Talk us through a day in the studio.
"Ah, well, that all depends on the day. Like I said before, if me, Thijs and Martijn are left by ourselves, we waste a lot of time doing not very much. It would probably be a pretty boring day for you. It might be better to come in when we're on deadline, because that's when we work best.
"Some of the I Am Legion recording days were amazing. It was a totally different kind of creative energy to what you'd find on a Noisia day. I think that comes from the meeting of these two worlds. We're fascinated by the vocal-led grime and dubstep world of Foreign Beggars; and they're fascinated by our small-town, nerdy world of EDM. Somewhere in the middle, you'll find I Am Legion."
Do we call it a hip-hop album?
NR: "I guess so, but I don't mind what people call it. For me, it's just exciting music. What they do makes me want to go deeper with the beats and the production, and I hope that what we do makes them want to go deeper with the vocals.
"Working with them felt very direct. Does that make sense? We didn't need an incentive to get a track started because the incentive seemed to already be there."
You've never been afraid of experimenting with different musical styles and genres. Was it always Noisia's intention to look beyond the confines of what was regarded as drum 'n' bass?
NR: "It was never a conscious move. We didn't sit there thinking, 'OK, we haven't done a house track. We haven't done an electro track.' We didn't just make a track so we could tick a box. We would only make a track if a particular sound tickled our fancy.
"I'm not trying to compare us to the Prodigy or anything like that, but there are many different sides to their sound, and the scene has always seemed to accept that with no problem. Sure, there are some people in drum 'n' bass who don't like everything that we do, but in some ways, that's exactly why I love the drum 'n' bass scene. People say what they think."

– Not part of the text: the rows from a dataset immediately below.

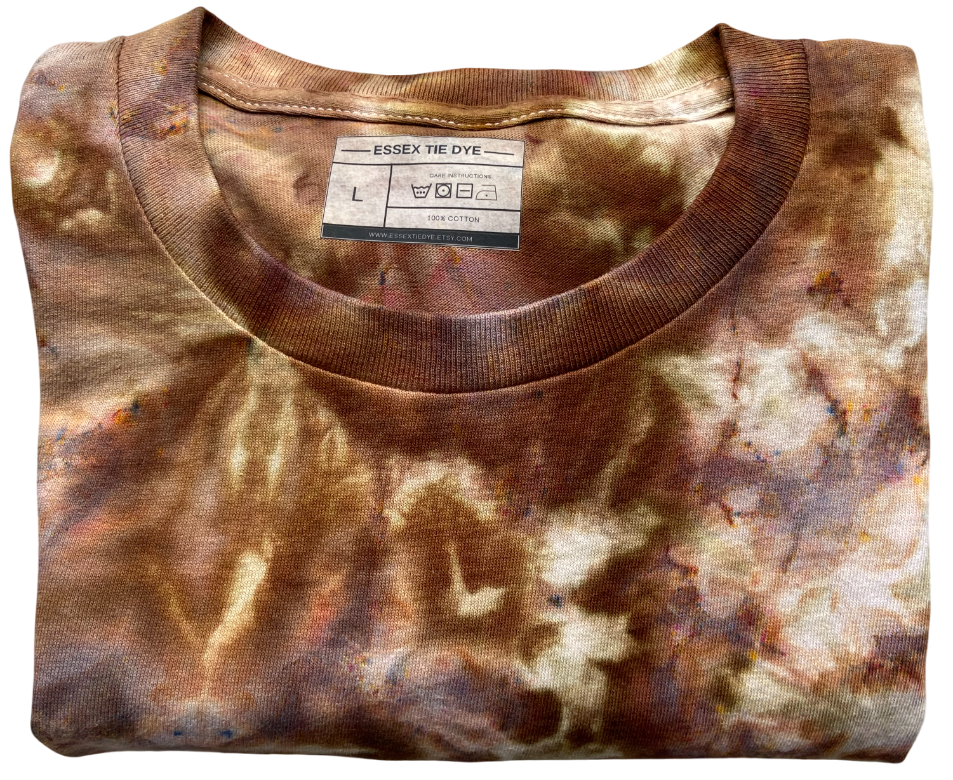 Folded tie-dye shirt with a visible label on a white background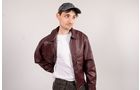 Download Foto: Eine Person trägt eine braune Lederjacke, ein weißes T-Shirt und eine graue Baseballkappe und blickt zur Seite.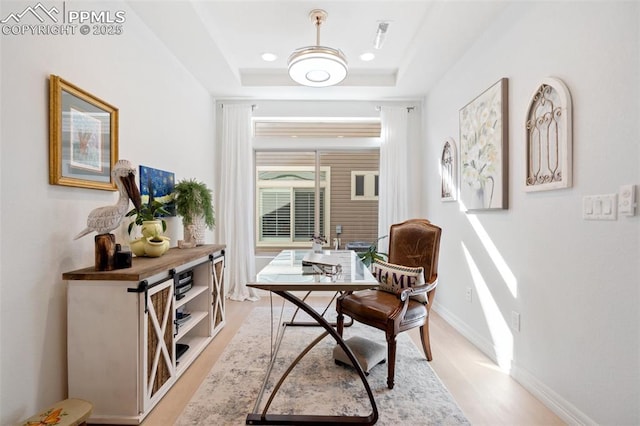 home office featuring a tray ceiling, light wood-style floors, and baseboards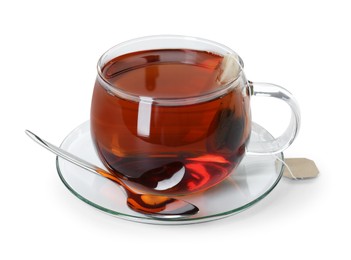 Photo of Brewing aromatic tea. Cup with teabag and spoon isolated on white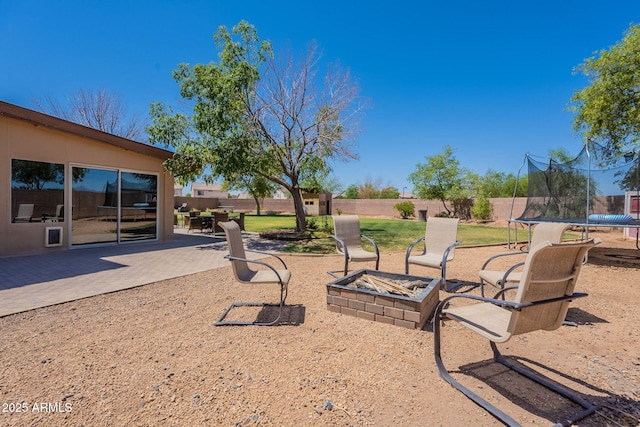 21188 N Duncan Dr, Maricopa, AZ 85138 - fenced yard with a trampoline, an outdoor fire pit, and a patio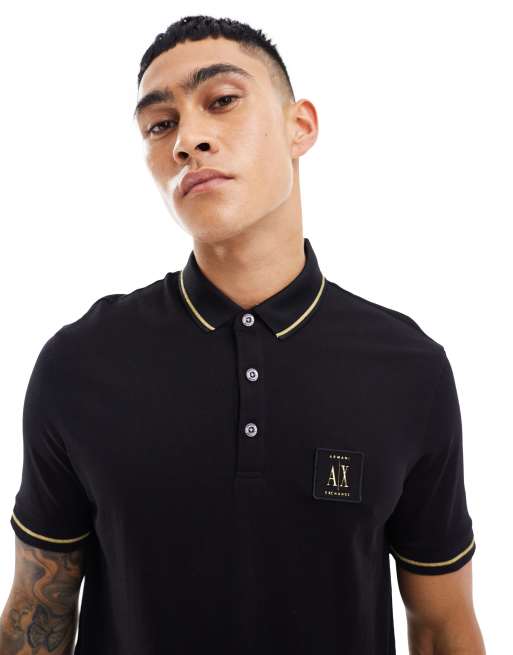 Armani Exchange gold logo and tipping pique polo in black | ASOS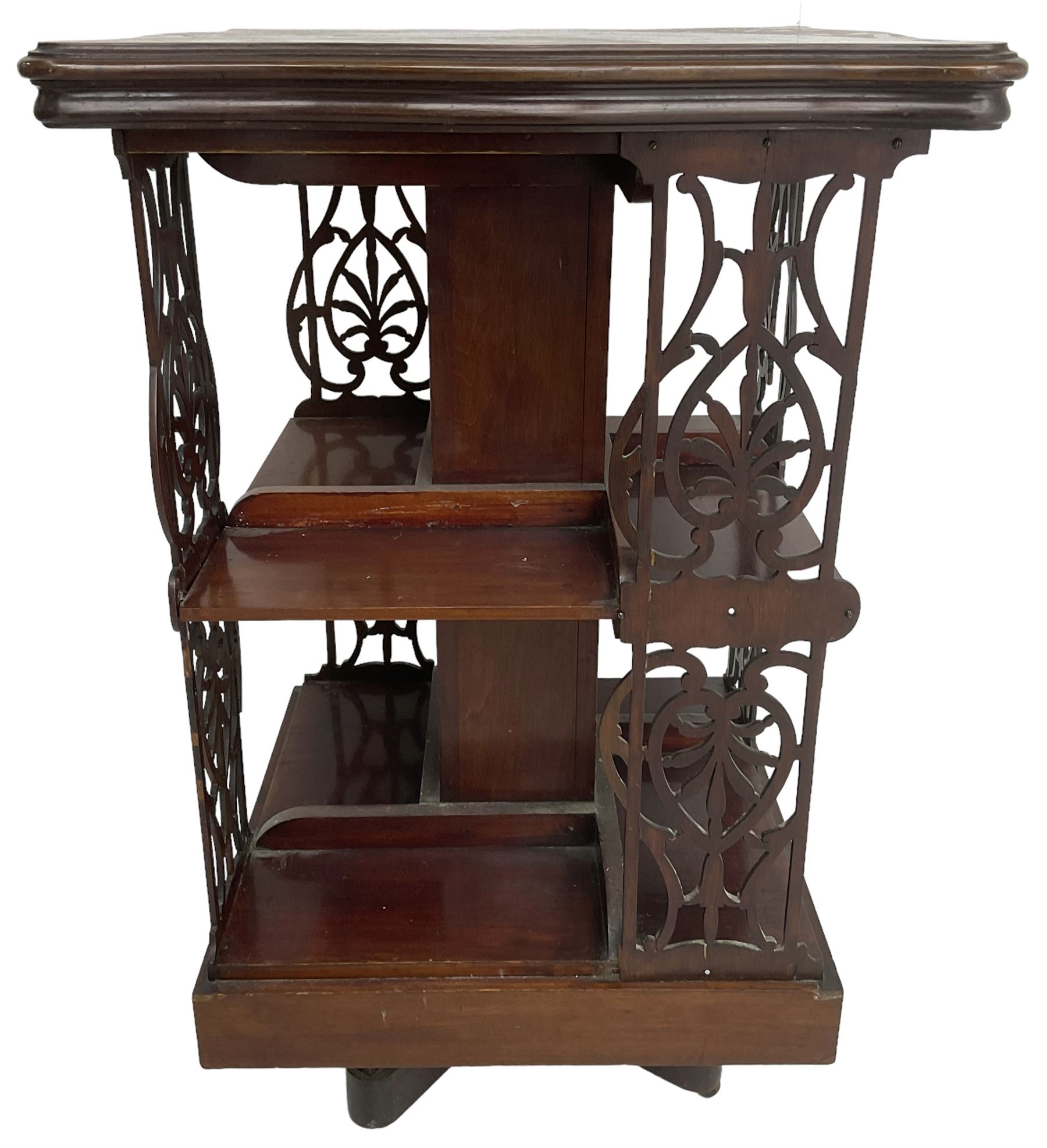 Edwardian mahogany revolving bookcase, the shaped moulded top inlaid with cusped panel and trailing bellflowers within a satinwood frame, foliate pierced upright splats and central square column supporting two tiers, on cruciform base with brass and ceramic castors 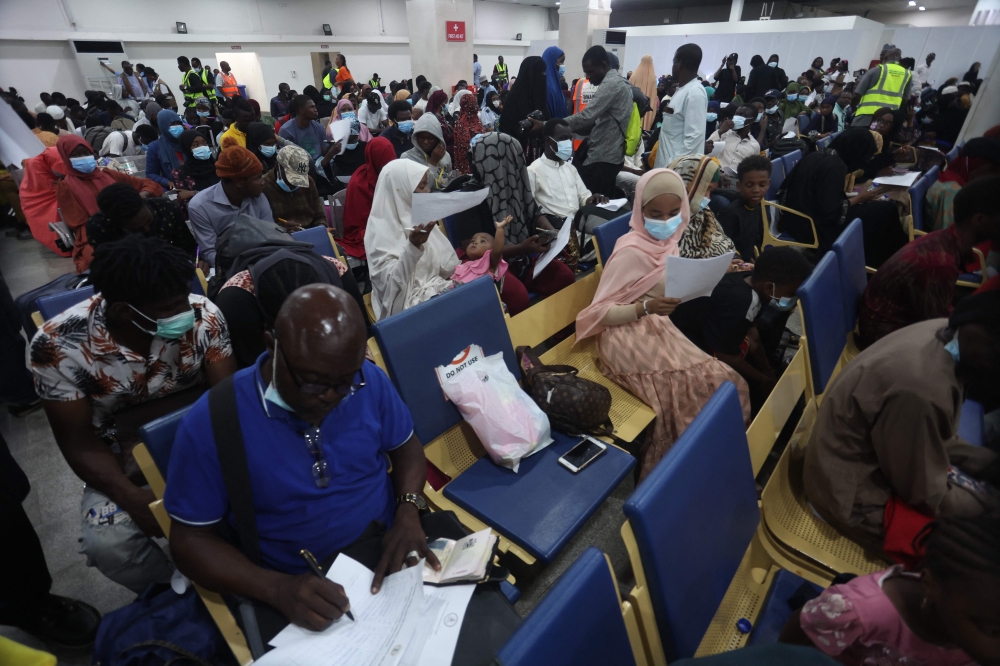 A view of fleeing Nigerian students in Sudan filling their arrival form after being evacuated from Sudan to Nigeria at the Nnamdi Azikwe International Airport in Abuja, Nigeria on May 4, 2023. (Photo by KOLA SULAIMON / AFP)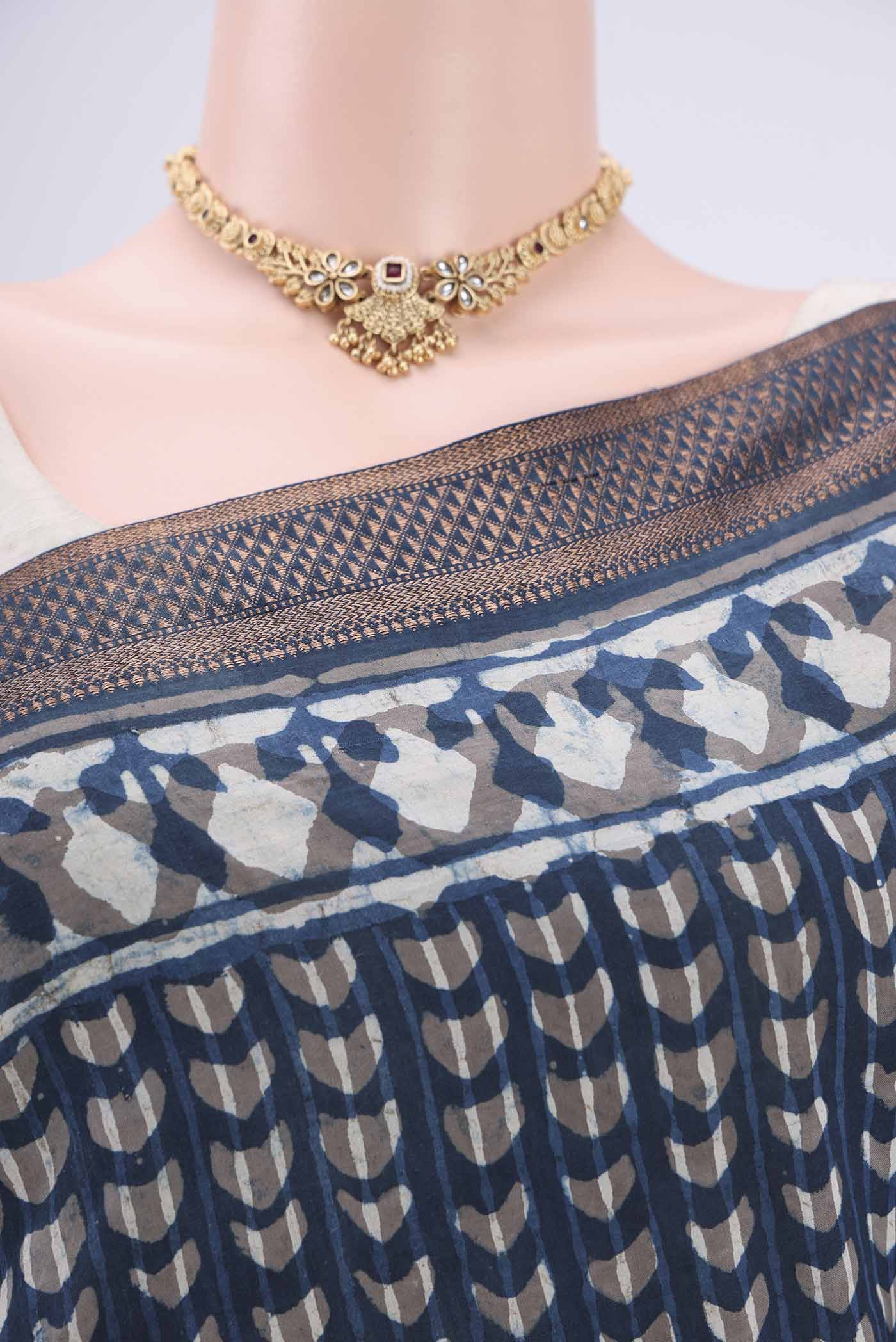 Border image of Indigo Maheshwari Silk Cotton Saree with Batik Print on the body and Zari Border.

The lines between genres have become increasingly blurred over the last three or four years. Is it actually possible to just be a drum 'n' bass producer or a house producer or a dubstep producer in 2013?
NR: "There has always been a blurring of those lines. That's how electronic music has developed. You have a movement and there's a counter-movement. You have the overground and you have the underground. The overground will try to move in one direction and the underground will try to take its own path. The underground will always be there - it won't go away. It will always be looking for the most interesting music.
"But what's different today is the pace of that change. Scenes can develop and disappear incredibly quickly. The problem comes if you're a DJ or a producer that's only associated with a very specific scene and that scene disappears overnight. If you're not careful, you'll disappear with it.
"No matter what type of music you're making, I think the most important thing you have to remember is - how can I put this? - never try to force yourself to make a certain style of song. Don't jump onto a style if it doesn't mean anything to you in your heart. If you're not really interested in the sound that you're making, people will hear that in your music.
"Only make the music that you really want to make and make that music to the best of your ability. It sounds like a cliché, but when it comes to something as important as music, there really is no other way to do it."
The self-titled debut album from I Am Legion is out now on Division Recordings/Par Excellence.